Skeletal animation bug with Assimp in DirectX 12

I am using Assimp to load an FBX model with animation (created in Blender) into my DirectX 12 game, but I'm experiencing a very frustrating bug with the animation rendered by the game application.
The test model is a simple 'flagpole' containing four bones like so:
Bone0 -> Bone1 -> Bone2 -> Bone3
The model renders correctly in its rest pose when the keyframe animation is bypassed.
The model also renders and animates properly when the animation rotates the model only by the root bone (Bone0).
However, when importing a model that rotates at the first joint (i.e. at Bone1), the vertices clustered around each joint seem 'stuck' in their original positions, while the vertices surrounding the 'bones' proper appear to follow through with the correct animation.
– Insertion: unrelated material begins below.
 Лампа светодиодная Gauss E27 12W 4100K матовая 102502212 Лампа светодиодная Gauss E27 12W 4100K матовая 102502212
The result is a crappy zigzag of stretched geometry like so:
Instead the model should resemble an 'allen-key' shape at the end of its animation pose, as shown by the same model rendered in the AssimpViewer utility tool:
Since the model is rendering correctly in AssimpViewer, it's reasonable to assume there are no issues with the FBX file exported by Blender. I then checked and confirmed that the vertices 'stuck' around the joints did indeed have their vertex weights correctly assigned by the game loading code.
The C++ model loading and animation code is based on the popular OGLDev tutorial: https://ogldev.org/www/tutorial38/tutorial38.html
Now the infuriating thing is, since the AssimpViewer tool was correctly rendering the model animation, I also copied in the SceneAnimator and AnimEvaluator classes from that tool to generate the final bone transforms via that code branch as well... only to end up with exactly the same zigzag bug in the game!
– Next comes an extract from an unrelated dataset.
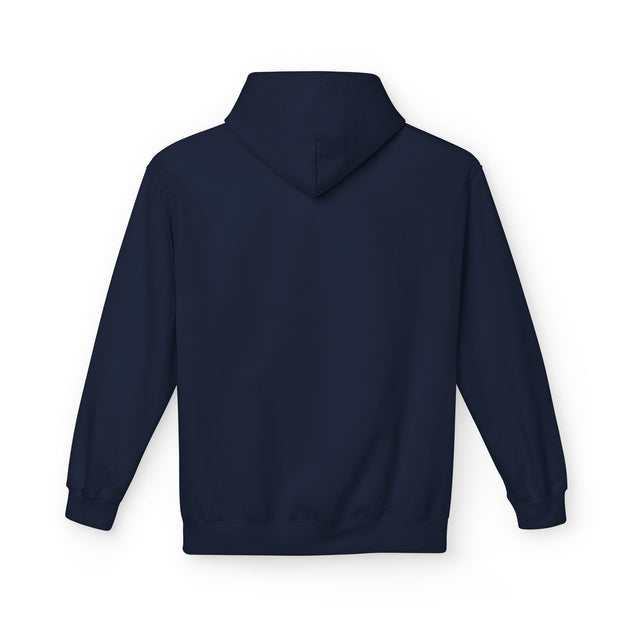 Vue arrière d'un sweat à capuche bleu marine uni pour femme avec une coupe décontractée.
I'm reasonably confident there aren't any issues with finding the bone hierarchy structure at initialization, so here are the key functions that traverse the hierarchy and interpolate key frames each frame.
VOID Mesh::ReadNodeHeirarchy(FLOAT animationTime, CONST aiNode* pNode, CONST aiAnimation* pAnim, CONST aiMatrix4x4 parentTransform)
{
std::string nodeName(pNode->mName.data);
// nodeTransform is a relative transform to parent node space
aiMatrix4x4 nodeTransform = pNode->mTransformation;
CONST aiNodeAnim* pNodeAnim = FindNodeAnim(pAnim, nodeName);
if (pNodeAnim)
{
// Interpolate scaling and generate scaling transformation matrix
aiVector3D scaling(1.f, 1.f, 1.f);
CalcInterpolatedScaling(scaling, animationTime, pNodeAnim);
// Interpolate rotation and generate rotation transformation matrix
aiQuaternion rotationQ (1.f, 0.f, 0.f, 0.f);
CalcInterpolatedRotation(rotationQ, animationTime, pNodeAnim);
// Interpolate translation and generate translation transformation matrix
aiVector3D translat(0.f, 0.f, 0.f);
CalcInterpolatedPosition(translat, animationTime, pNodeAnim);
// build the SRT transform matrix
nodeTransform = aiMatrix4x4(rotationQ.GetMatrix());
nodeTransform.a1 *= scaling.x; nodeTransform.b1 *= scaling.x; nodeTransform.c1 *= scaling.x;
nodeTransform.a2 *= scaling.y; nodeTransform.b2 *= scaling.y; nodeTransform.c2 *= scaling.y;
nodeTransform.a3 *= scaling.z; nodeTransform.b3 *= scaling.z; nodeTransform.c3 *= scaling.z;
nodeTransform.a4 = translat.x; nodeTransform.b4 = translat.y; nodeTransform.c4 = translat.z;
}
aiMatrix4x4 globalTransform = parentTransform * nodeTransform;
if (m_boneMapping.find(nodeName) != m_boneMapping.end())
{
UINT boneIndex = m_boneMapping[nodeName];
// the global inverse transform returns us to mesh space!!!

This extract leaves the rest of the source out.